- A missão Chang’e-6 recolheu basalto na bacia Aitken, no polo sul da Lua, a fim de entender a dicotomia entre as faces da Lua.
- As análises isotópicas mostram que as amostras da face oculta apresentam proporções mais elevadas do isótopo pesado do potássio do que as rochas da face visível recolhidas pela missão Apollo.
- Depois de excluir fatores como radiação cósmica e processos magmáticos posteriores, os investigadores concluem que um grande impacto primordial, há mais de quatro mil milhões de anos, provocou a perda de elementos voláteis no manto lunar.
- As temperaturas e pressões extremas desse evento teriam favorecido a evaporação dos isótopos mais leves, alterando de forma duradoura a química interna e dificultando a geração de magma na face oculta, o que explica a menor atividade vulcânica e o relevo mais acidentado.
- A China pretende novas missões não tripuladas: Chang’e-7, para 2026, ao polo sul, e Chang’e-8, para 2029, com participação de onze países, preparando o caminho para missões tripuladas.
A missão chinesa Chang’e-6 revelou novas evidências sobre a origem da dicotomia entre as duas faces da Lua. Um estudo publicado na PNAS mostra que um impacto gigantesco alterou o manto lunar, influenciando a composição entre hemisférios.
A investigação, liderada pelo Instituto de Geologia e Geofísica da Academia Chinesa de Ciências, analisa basaltos recolhidos na bacia Aitken, no Polo Sul, pela Chang’e-6, a maior cratera de impacto do satélite.

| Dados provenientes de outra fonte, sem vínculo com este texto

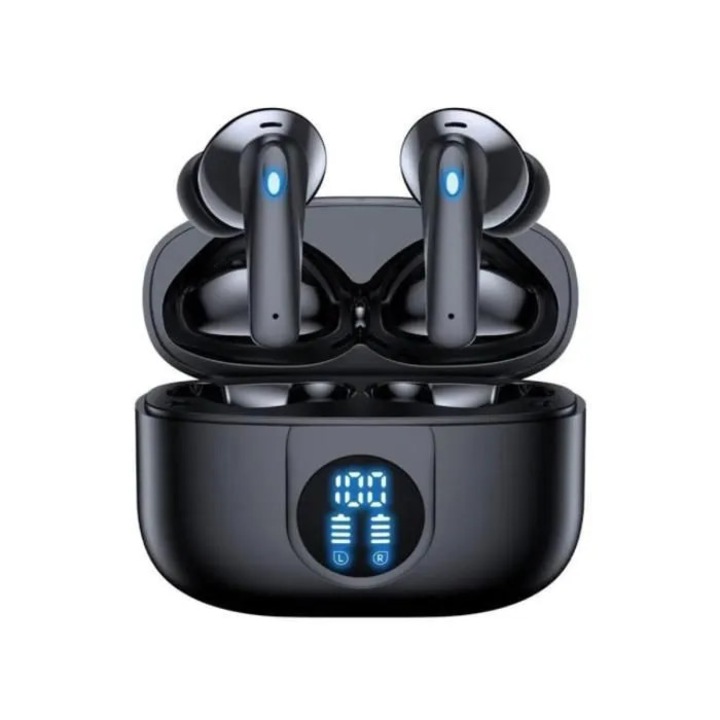 Vezeték nélküli Bluetooth 5.3 fülhallgató, zajcsökkentés, IPX6 vízálló, fekete, 35 óra üzemidő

As amostras da face oculta apresentam menores níveis de atividades vulcânicas, apontando para uma história distinta face à visível, que recebeu lava basaltica de forma mais intensa.
Nova evidência sobre o impacto inicial
O estudo compara isótopos de potássio entre rochas da face oculta e amostras da missão Apolo, concluindo que um grande impacto há mais de 4,2 mil milhões de anos provocou a perda de elementos moderadamente voláteis no manto lunar.
Este evento térmico e de pressão ter-se-ia traduzido na evaporação dos isótopos leves, marcando a química interna da Lua de forma duradoura e reduzindo a geração de magma na face voltada para o espaço.
A equipa sublinha que estas alterações ajudam a explicar a diferença de relevo entre as duas faces e a menor atividade vulcânica observada no hemisfério oculto.
Contexto e perspetivas da exploração lunar
Lançada em maio de 2024, a Chang’e-6 foi a primeira missão a recolher amostras da face oculta. A China prepara novas missões não tripuladas, como Chang’e-7 (2026) ao polo sul, e Chang’e-8 (2029) com participação de 11 países.
Este progresso acompanha outros marcos do programa chinês, incluindo a primeira alunagem na face oculta com a Chang’e-4 e a missão Tianwen-1 a Marte, que posiciona a China entre as nações com presença no espaço profundo.